**Your assignment**
Please, from the entries below, transcribe exactly the lines that begin at the line with "Диммер SMART-D17-DIM (230V, 6A, TRIAC, DIN, 2.4G)" and end at the line with "Катушка на фидер 5000 конусная", without the pictures.

**Source information**
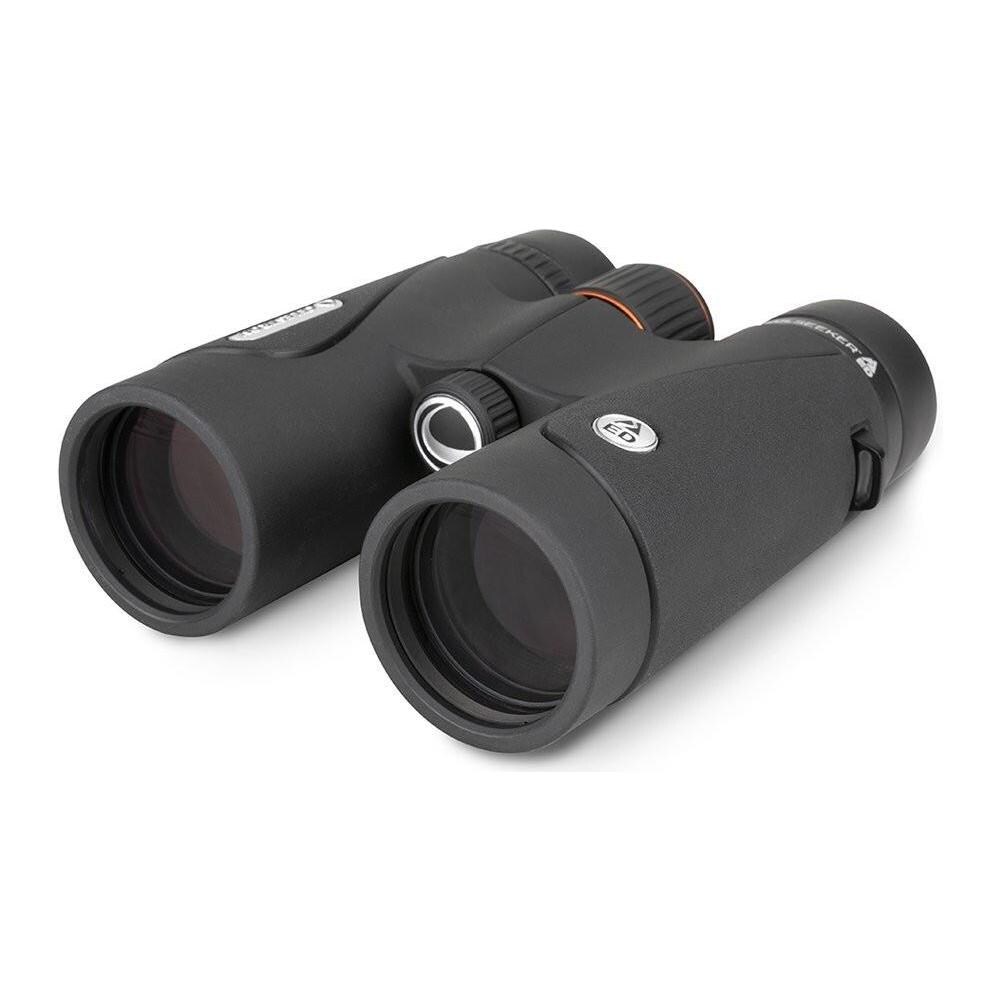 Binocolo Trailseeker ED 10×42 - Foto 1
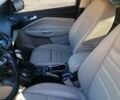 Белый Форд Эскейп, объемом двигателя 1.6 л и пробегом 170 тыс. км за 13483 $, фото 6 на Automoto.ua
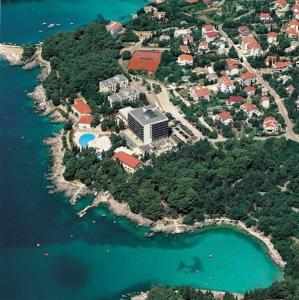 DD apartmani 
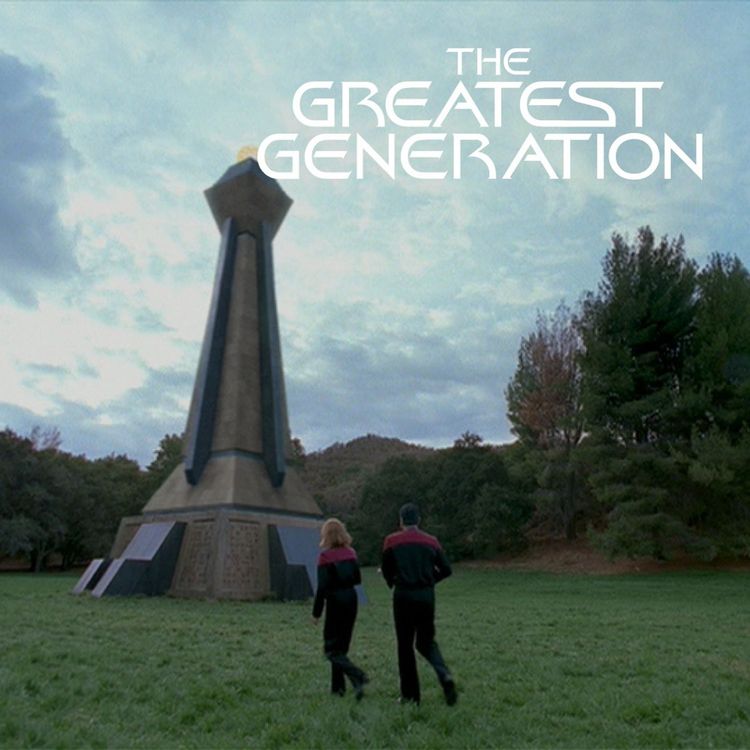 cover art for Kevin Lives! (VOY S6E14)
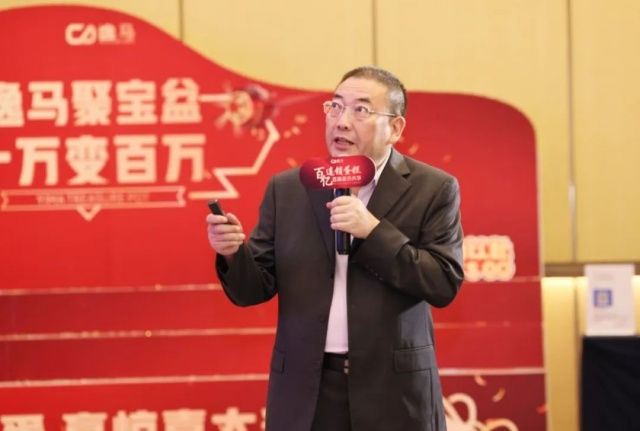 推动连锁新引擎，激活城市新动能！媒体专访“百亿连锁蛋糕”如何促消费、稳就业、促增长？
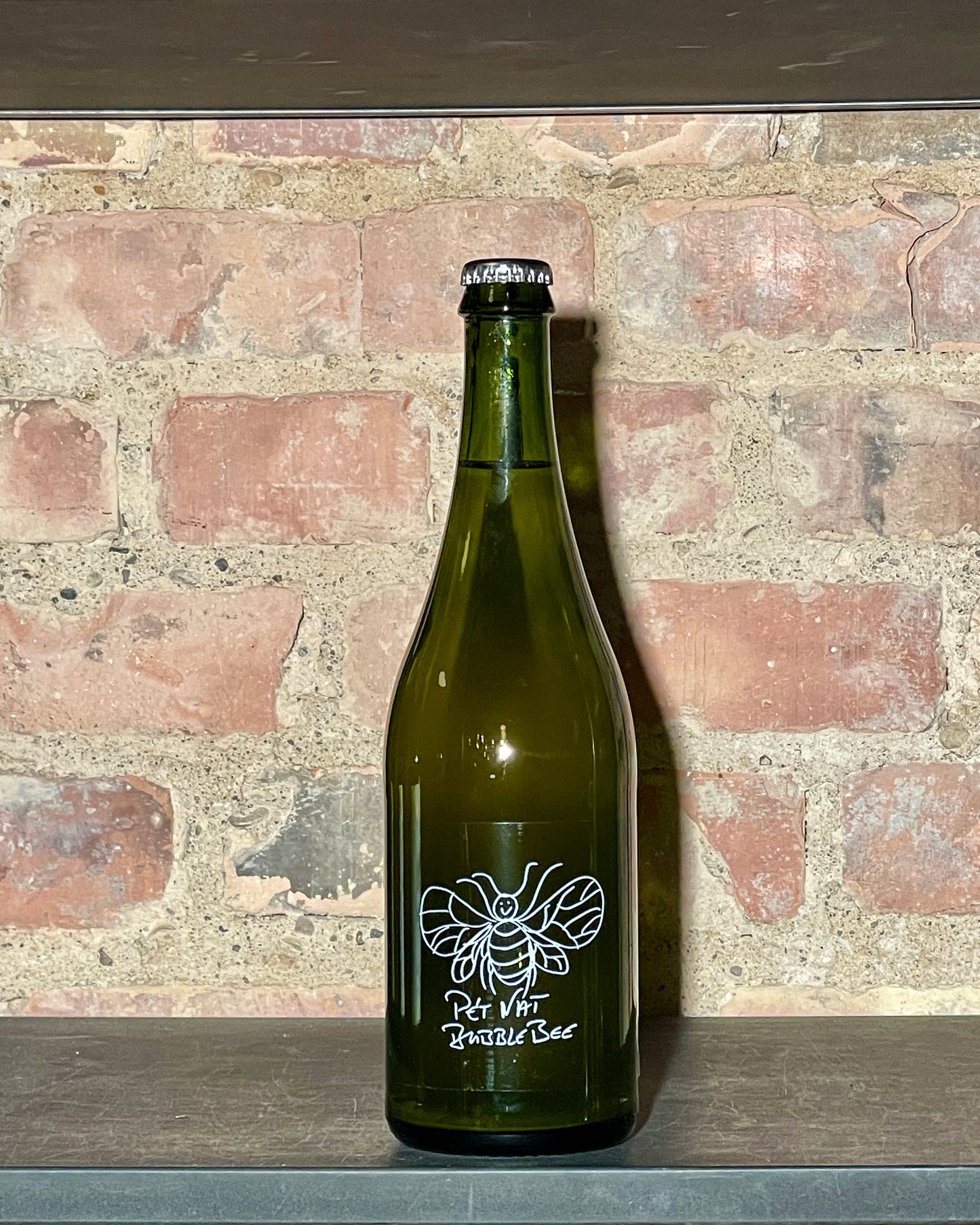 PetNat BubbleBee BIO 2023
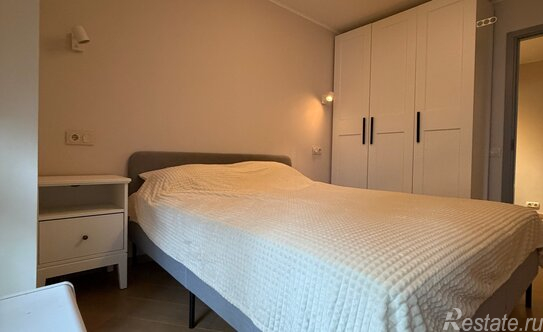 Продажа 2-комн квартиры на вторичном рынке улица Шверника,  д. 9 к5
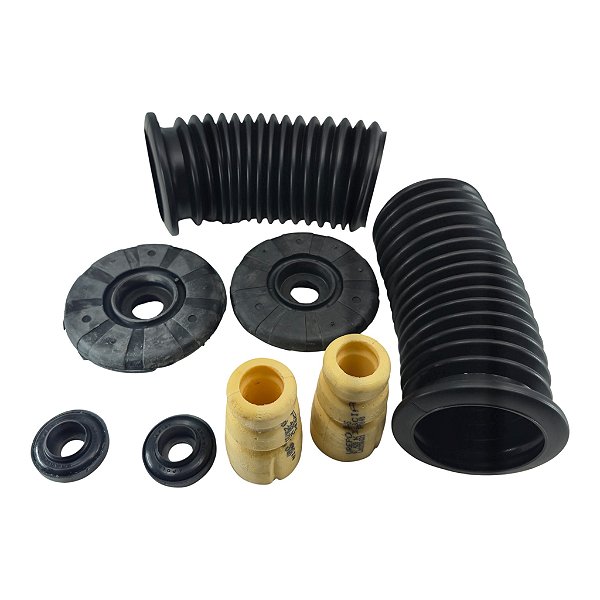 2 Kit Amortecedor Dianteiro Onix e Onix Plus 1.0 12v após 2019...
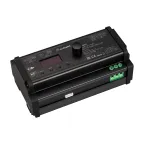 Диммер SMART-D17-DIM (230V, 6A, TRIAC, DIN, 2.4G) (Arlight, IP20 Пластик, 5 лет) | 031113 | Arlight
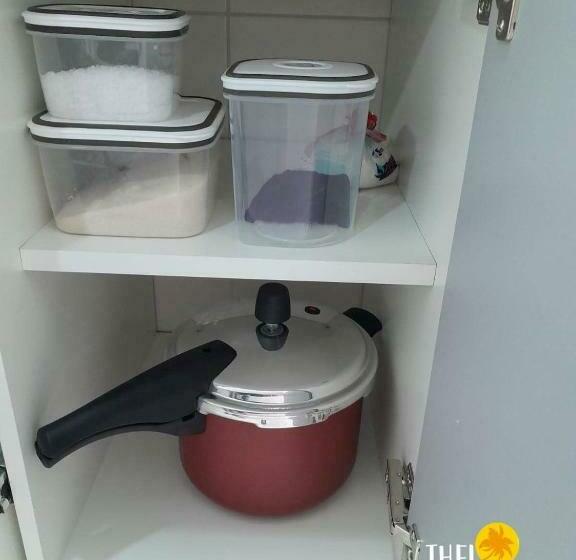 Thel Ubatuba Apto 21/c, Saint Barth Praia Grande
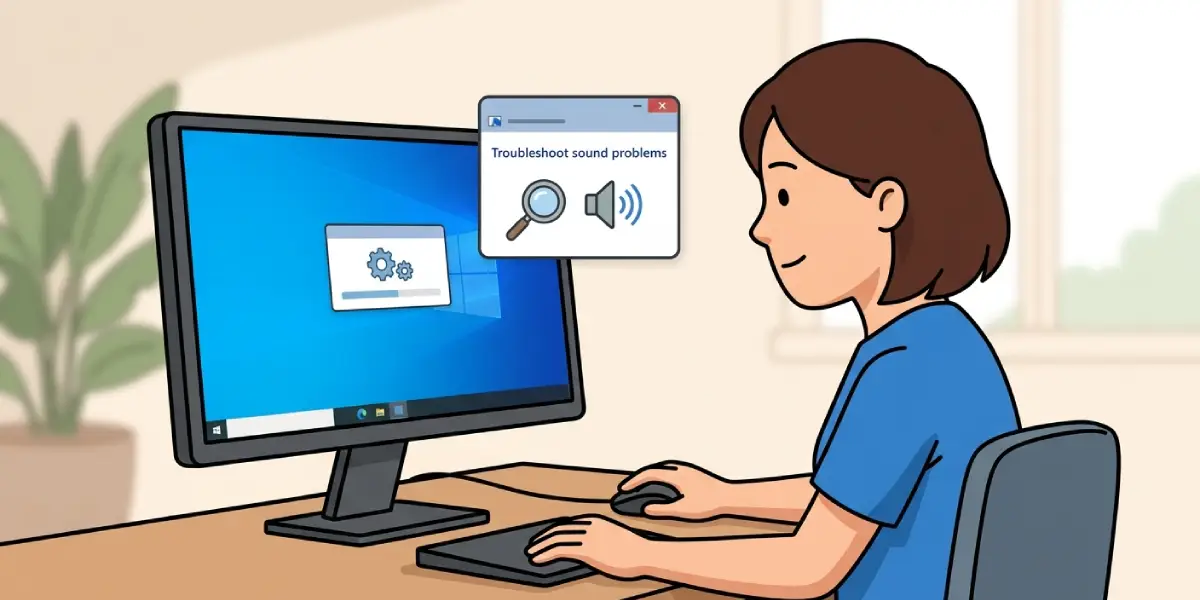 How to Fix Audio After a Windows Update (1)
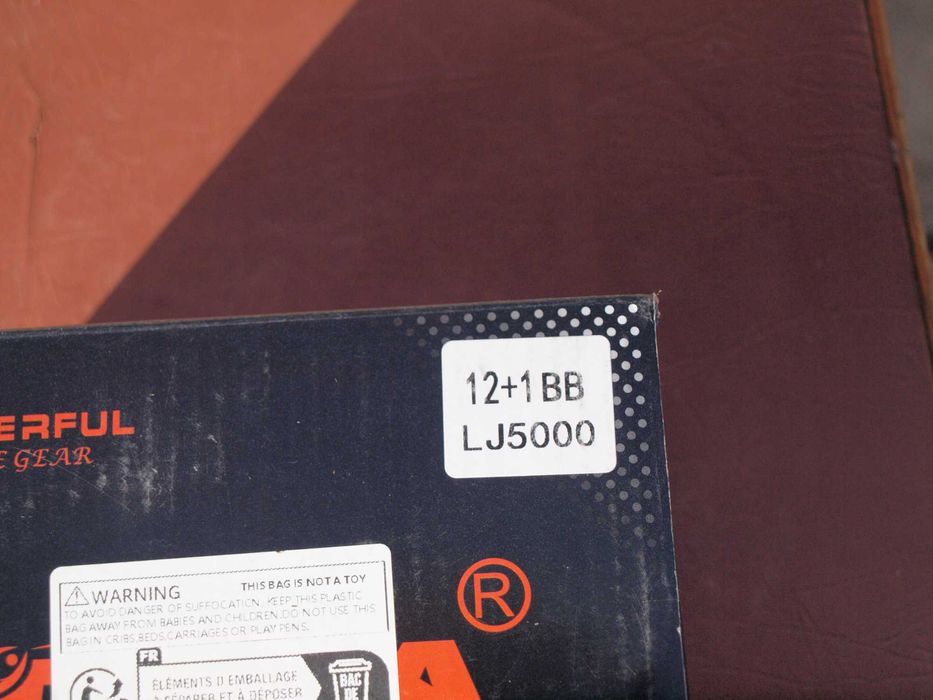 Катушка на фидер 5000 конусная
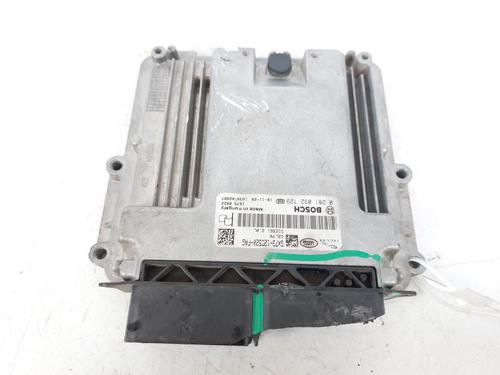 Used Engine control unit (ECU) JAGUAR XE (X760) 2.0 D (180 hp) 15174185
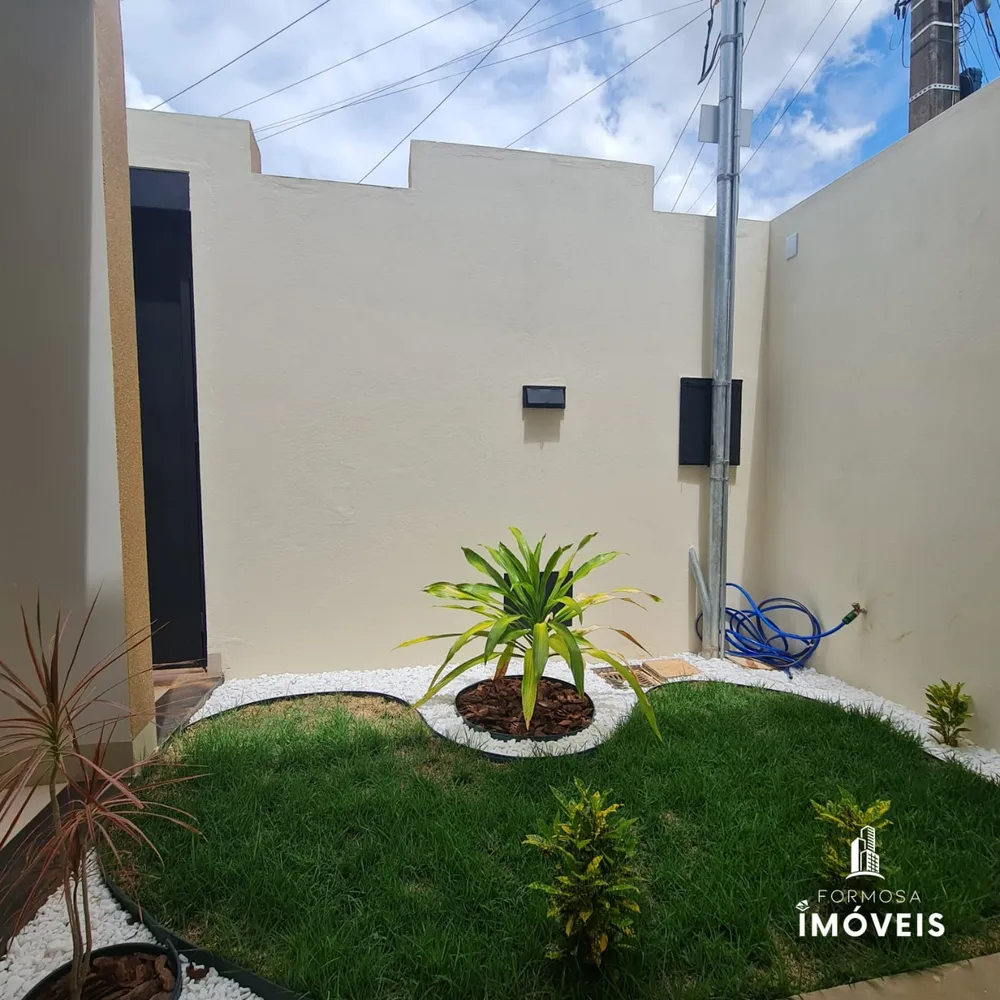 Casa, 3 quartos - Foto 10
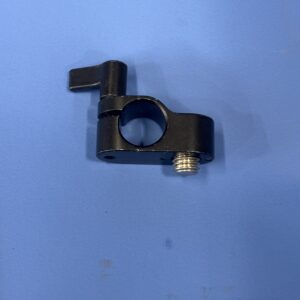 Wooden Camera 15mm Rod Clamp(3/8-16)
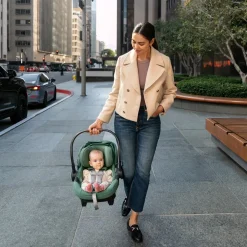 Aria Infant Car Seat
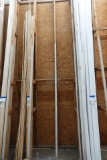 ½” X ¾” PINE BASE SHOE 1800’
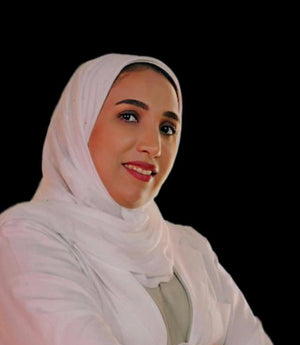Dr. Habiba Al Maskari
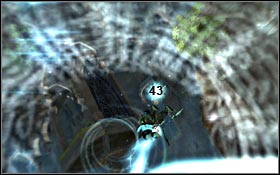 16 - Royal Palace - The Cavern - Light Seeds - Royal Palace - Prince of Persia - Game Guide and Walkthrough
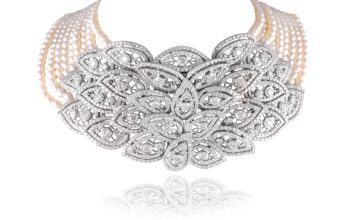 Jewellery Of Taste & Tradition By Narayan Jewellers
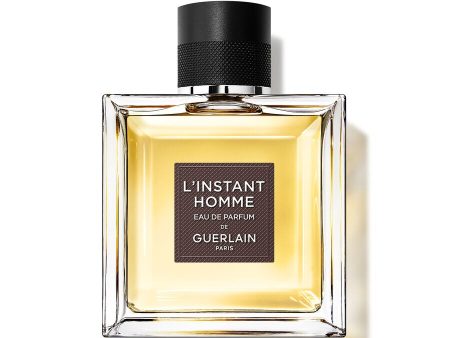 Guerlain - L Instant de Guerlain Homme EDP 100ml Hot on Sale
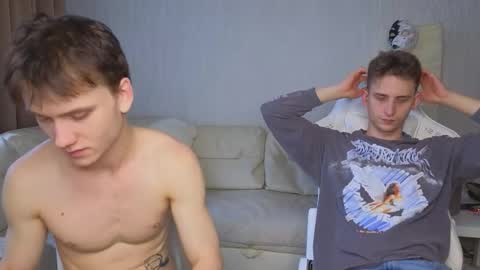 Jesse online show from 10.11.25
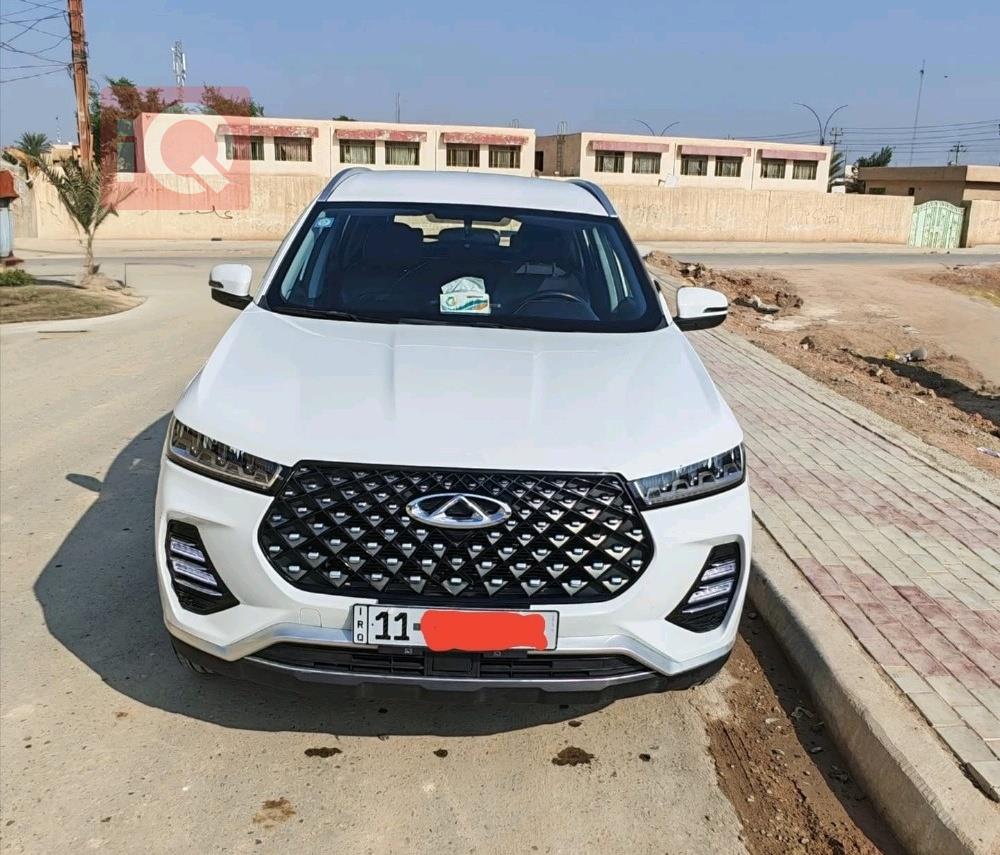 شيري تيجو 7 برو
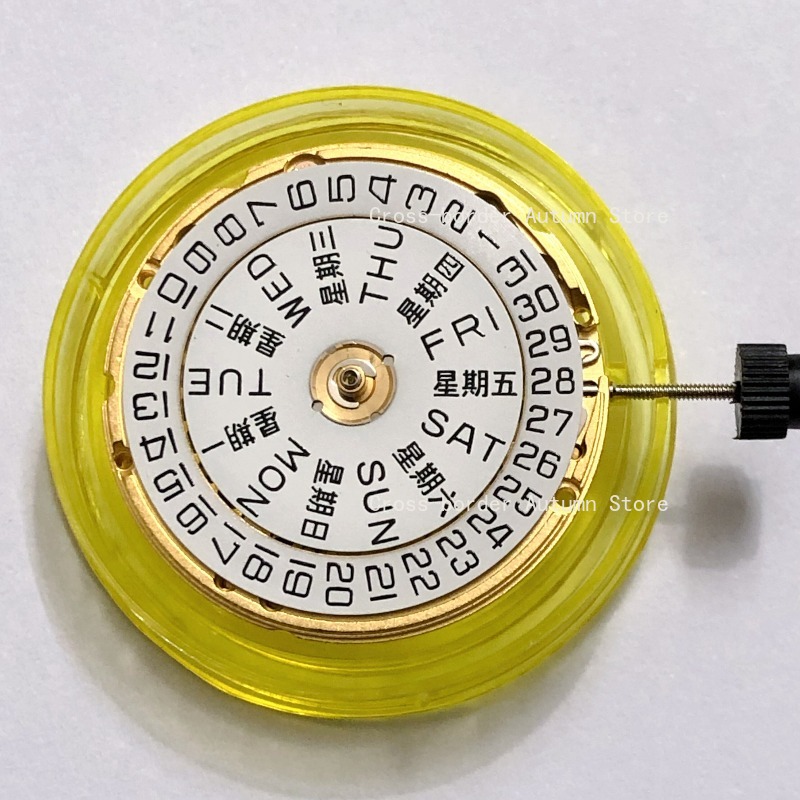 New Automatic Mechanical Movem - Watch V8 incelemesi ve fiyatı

**Solution for this task**
 Диммер SMART-D17-DIM (230V, 6A, TRIAC, DIN, 2.4G) (Arlight, IP20 Пластик, 5 лет) | 031113 | Arlight
 Thel Ubatuba Apto 21/c, Saint Barth Praia Grande
 How to Fix Audio After a Windows Update (1)
 Катушка на фидер 5000 конусная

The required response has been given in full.